On 5/09/2013 5:15 p.m., PSA4444 wrote:
Hi Amos,
We did not get a solution to this yet. The work around has been to disable http (port 80) and only run https (port
443) with a firewall in front of the proxy server.  This blocked out 100% of
these requests for now but I will need to re-enable it later.
How can I disable this open-proxy relaying?

Config:

###
visible_hostname domain.com https_port 443 accel cert=/usr/newrprgate/CertAuth/cert.cert
key=/usr/newrprgate/CertAuth/key.pem vhost defaultsite=www.domain.com
sslproxy_flags DONT_VERIFY_PEER

NOTE:
This flag is supported so that forward-proxyand interception proxy administrators can avoid having to register unlimited numbers of volatile self-signed CA for all the Internet websites their users encounter.

There should be no reason for it to be used in accelerator proxies - even with the backend server certificate(s) self-signed.

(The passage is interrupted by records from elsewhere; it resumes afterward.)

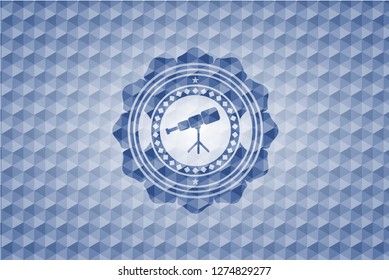 telescope icon inside blue emblem with geometric pattern.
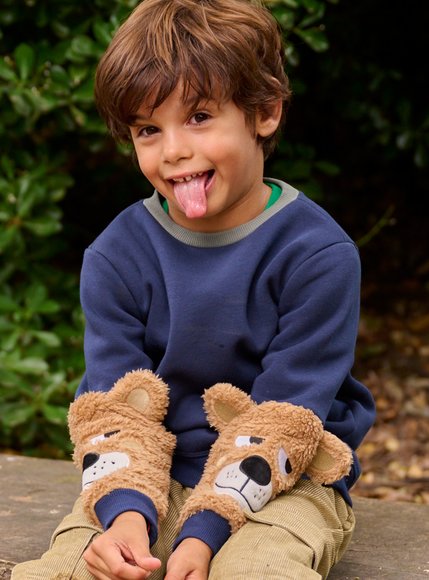 Παιδικό Μακρυμάνικο Πουλόβερ για Αγόρια Navy Blue Teddy Bear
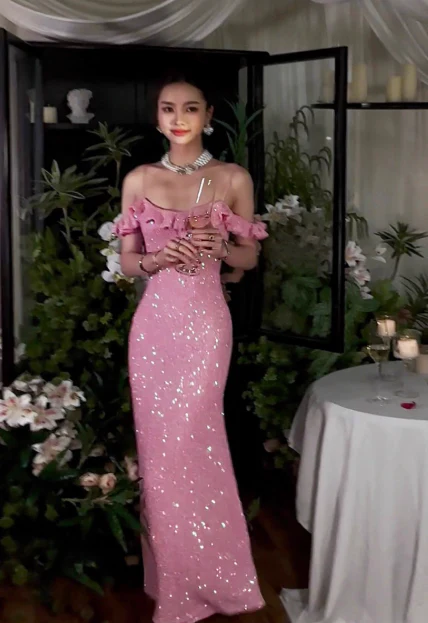 Elegant Sheath Spaghetti Strap Long Evening Gowns Pink Sequin Special Formal Dresses Prom Dresses DP2782 - Deanwangkt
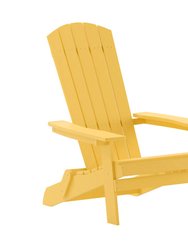 Riviera Poly Resin Folding Adirondack Lounge Chair - All-Weather Indoor/Outdoor Patio Chair - Yellow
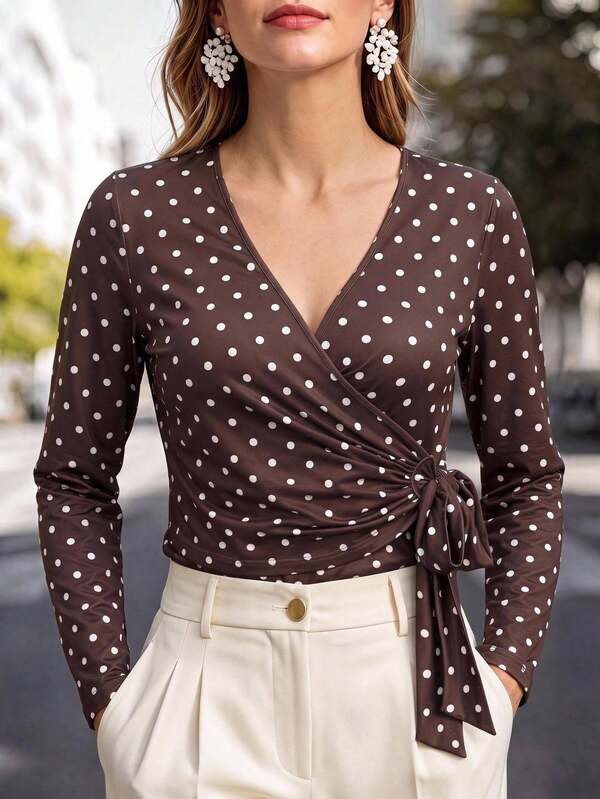 Chikora Plus Size Women's V-Neck Polka Dot Casual Versatile Daily Wear T-Shirt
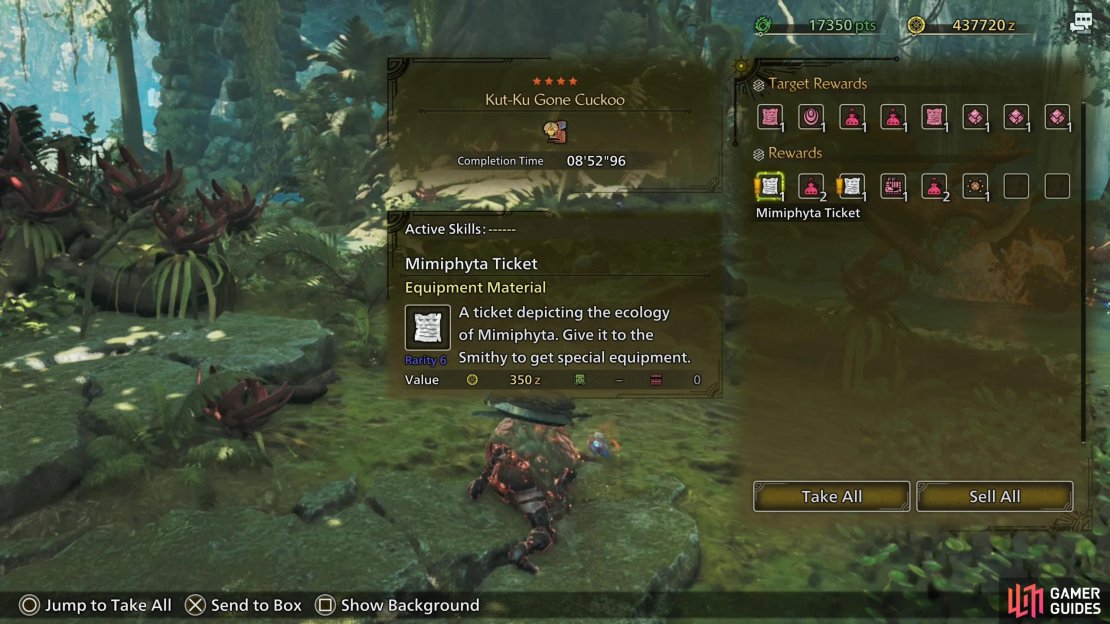 Defeat the target Kut-Ku and with luck you&rsquo;ll get some Mimiphyta Tickets.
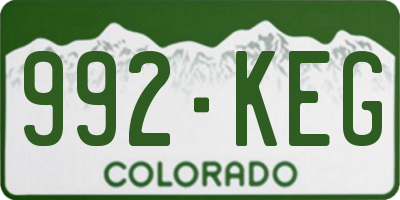 CO license plate 992KEG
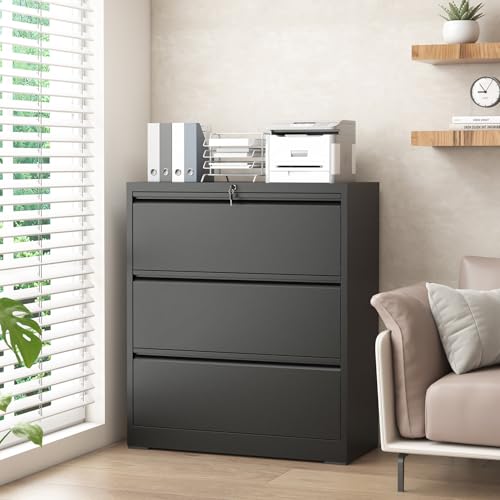 Yukimo Lateral File Cabinet with Lock, 3 Drawer Metal File Cabinets for Home Office, Large Filing...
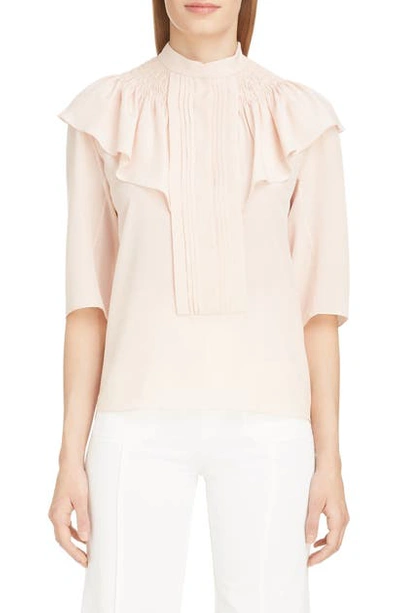 Shop Chloé Ruffle & Pleat Silk Crepe De Chine Blouse In Smoky Rose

The proxy just needs to be configured with the CA certificate(s) necessary to validate the upstream server. Since this is an accelerator the proxy the backends should be a well-defined set with the CA they require easily managed and configured.

The same thing goes for the sslflags=DONT_VERIFY_PEER on cache_peer lines. I have yet to see any reason beyond laziness for that cache_peer flag to be used since this is always a specific peer server with easily knowable CA. Doing SSL validation to the peers will help detect and prevent unexpected internal machines from being able to hijack the traffic, with auto-configuration on the network that is an important protection.

forwarded_for on
#Cache Peer 1
cache_peer one.domain.com parent 443 0 no-query originserver ssl
sslversion=3 connect-timeout=8 connect-fail-limit=2
sslflags=DONT_VERIFY_PEER front-end-https=on name=one login=PASSTHRU
acl sites_one dstdomain one.domain.com
cache_peer_access one allow sites_one
acl http proto http
acl https proto https
#Cache Peer 2
cache_peer two.domain.com parent 443 0 no-query originserver ssl
sslversion=3 connect-timeout=8 connect-fail-limit=2
sslflags=DONT_VERIFY_PEER front-end-https=on name=two login=PASSTHRU
acl sites_two dstdomain two.domain.com
cache_peer_access two allow sites_two
acl http proto http
acl https proto https

Since you already hasve sites one and sites_two configured for the cache_peer_access directives. They should be re-used in http_access allow lines to permit only the accelerated sites to be requested through the proxy.

Like so:
  http_access allow sites_one
  http_access allow sites_two
  http_access deny all

This resolves the open-proxy part and also enables Squid to handle a higher traffic load when DoS'ed with garbage-domain requests.

http_access allow all
header_replace Vary Accept-Encoding
request_header_access All allow all

You do not seem to have any header 'deny' rule for header_replace to work from - so it will do nothing.

"request_header_access All allow all" is the default. You can avoid CPU cycles processing requests through the header mangling component by removing these completely from the config.